Signed graphs [11], which allow for both favorable and adverse relationships, are becoming a common model choice for various data analysis applications, e.g., correlation clustering [1] and spectral clustering [9]. Unlike for unsigned graphs, there is no collective agreement of a matrix representation that relates to the unsigned graph Laplacian. There currently exists three proposed matrix representations: [9] proposes a zero row-sum preserving Laplacian (signed Laplacian), [8] proposes a physics preserving Laplacian (Physics Laplacian), and [4] proposes an expansion of the signed Laplacian into an unsigned Laplacian with twice the number of degrees-of-freedom (Gremban's expansion.) We investigate these three proposed matrix representations with respect to the quality of traditional (unsigned graph) spectral clustering concepts.

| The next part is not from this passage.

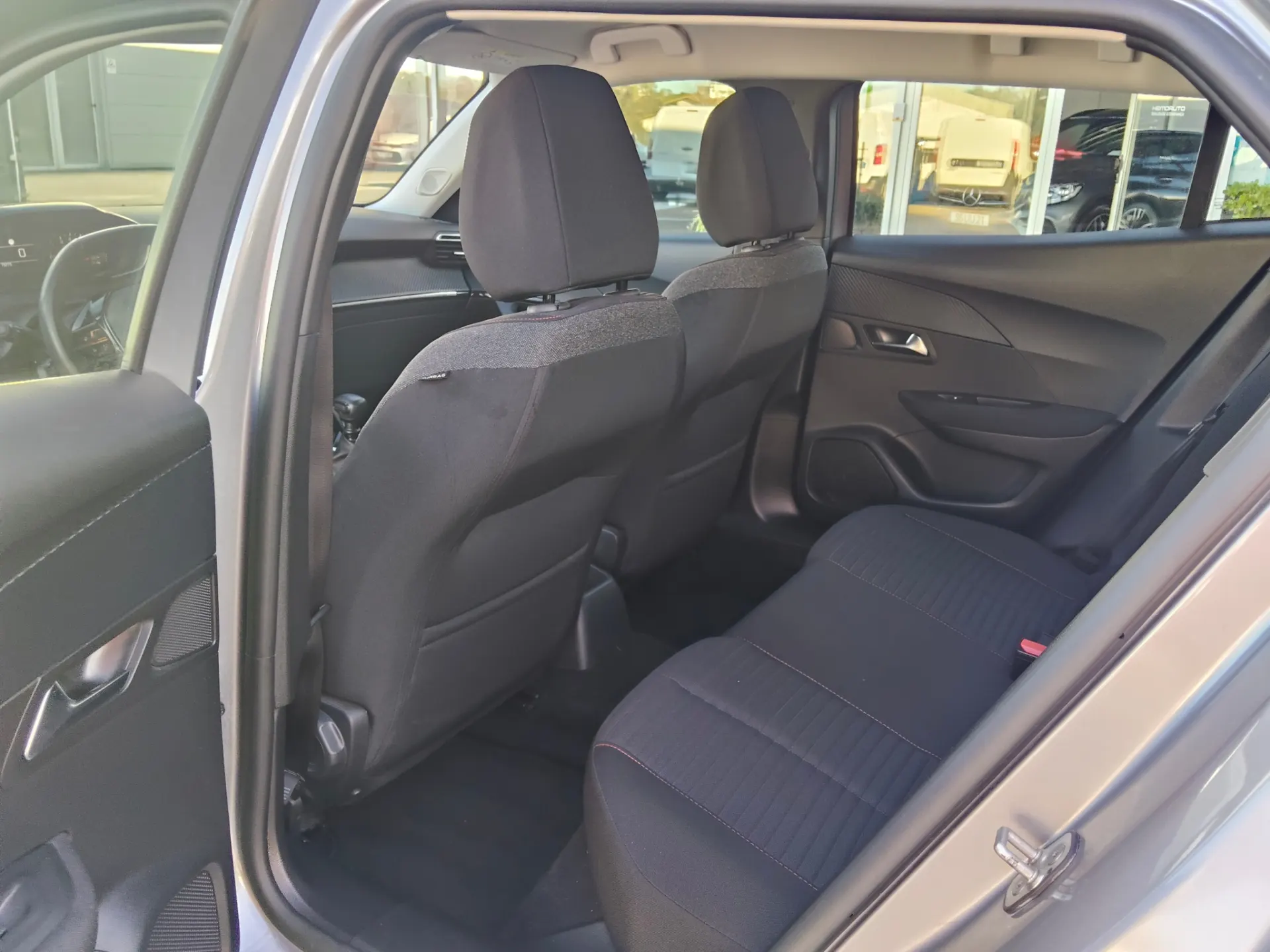 Peugeot 2008 1.5 BlueHDi Active Pack 17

We provide three numerical tests that use a stochastic block model with negative edge weights. We observe that the best matrix representation for spectral clustering depends on the underlying structure of a signed graph, which may be unavailable. However, since the Gremban's expansion matrix provides higher quality clusters for more combinations of inner and outer-connection probabilities for positive and negative valued edges, we conclude that the Gremban's expansion is the most robust representation to use for spectral clustering.